Paradise Regained is a profound analysis of human nature, whether or not one is committed to its religious point of view. The enormously expanded second temptation comprises temptations of desire (2a) based on physical appetite rather than need: sex, food as sensuous luxury, riches. These are succeeded by the temptations of ambition (2b): glory and various forms of earthly kingdom, beginning with Parthia, the military kingdom, the kingdom of war, seen as necessary. The suggested need to “buy protection” from such a powerful empire.
Episode 85: The Three Temptations, of Body, Mind, and Spirit. The 2nd Temptation: From Physical Need to Desire: Temptations of Sex, Food, and Riches. The Basis of Jesus’ Refusal.
In Milton’s interpretation, the first temptation is that of survival, of physical need. In the 2ndbook, he enormously expands the 2nd temptation into a full range of the temptations of desire, beginning with those desires that have a basis in physical appetite: sex, food, and riches. Jesus’s refusal is not mere ascetic refusal of pleasure. If he accepts Satan’s offers, he is then in Satan’s debt and Satan’s power. He also implicitly would accept the value system and lifestyle implied when such things become one’s first priority.
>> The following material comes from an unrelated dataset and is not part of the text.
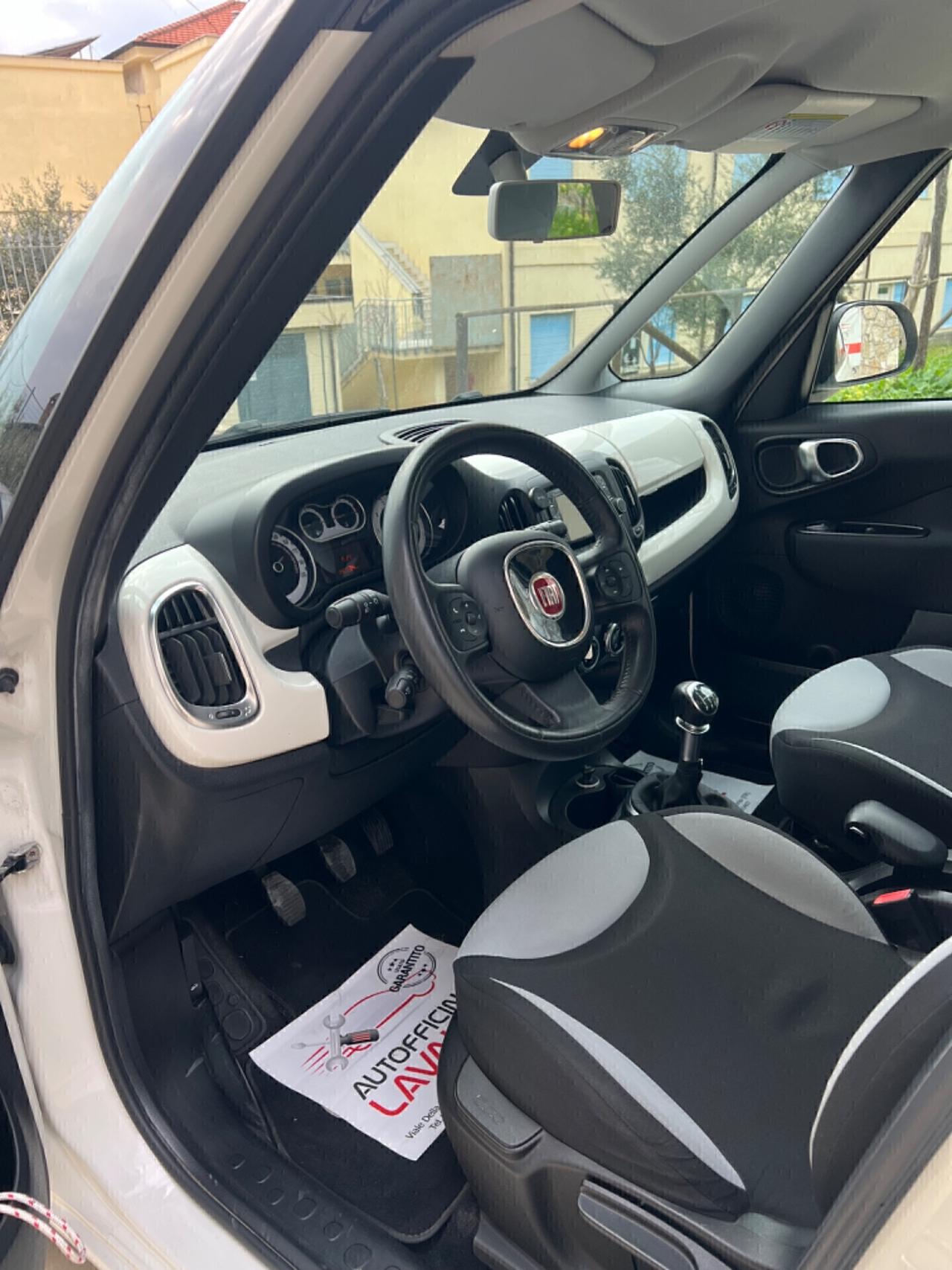 Fiat 500L Living 0.9 TwinAir Turbo Natural Power Lounge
Episode 84: Milton’s Paradise Regained, Book 1. The First Temptation, “Turn These Stones into Bread.” The Temptation of Physical Necessity, but Also of False Charity, a Spurious Populism.
Milton’s Jesus is fully human and vulnerable: there are real stakes in the temptations. But that makes his temptations a model for us. Milton expands the temptations to include the full range of possible human temptation, beginning on the most basic level of physical survival, symbolized by the temptation to turn stones into bread—both for personal survival, but also to feed the hungry. “Man does not live by bread alone” sounds elitist, but is not. Jesus will go on to feed the hungry, but whatever you make your primary value becomes your God.
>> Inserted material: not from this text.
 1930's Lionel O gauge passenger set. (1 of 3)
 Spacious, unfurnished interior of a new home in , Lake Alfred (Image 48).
Episode 83: Paradise Regained. The “Sequel” to Paradise Lost, and an Expansion of Its Vision.
While not as famous as Paradise Lost, Milton’s Paradise Regained is not only comparable in artistic quality but continues the expansion of perspective that began in the last two books of Paradise Lost, from tragic fall to divine comedy. Milton’s theory of the “brief epic,” a form that has no Classical model. Paradise Regained is a recreation of the Temptation in the wilderness of Christ by Satan. It is the contest of the hero battling a serpent or monster—but deliteralized. This contest is a debate, a duel of words, the true Word against the lying words of Satan.
Episode 82: Book 12 of Paradise Lost. The Vision of the Fortunate Fall. The Internalization of Paradise.
The expansion of vision from tragedy to spiritual comedy. Numerical symbolism of the 12 books. From law to gospel, the letter to the spirit, type to antitype: the vision of Biblical history as one of progressive internalization. The internalization of paradise for Adam and Eve—and also for us.
Episode 81: From Tragic Fall to Divine Comedy. The Redemptive Countermovement of Books 11 and 12 of Paradise Lost.
Michael takes Adam to a high mountain and gives him a panoramic view of both space and time. The continuing aftermath of the Fall. Death: the murder of Abel by Cain. Sickness: the vision of the Lazar House. The mysterious episode of the sons of God mating with the daughters of men. The coming of war, and God’s eventual decision to wipe out all but a saving remnant in the Deluge, the end of the first cycle of history.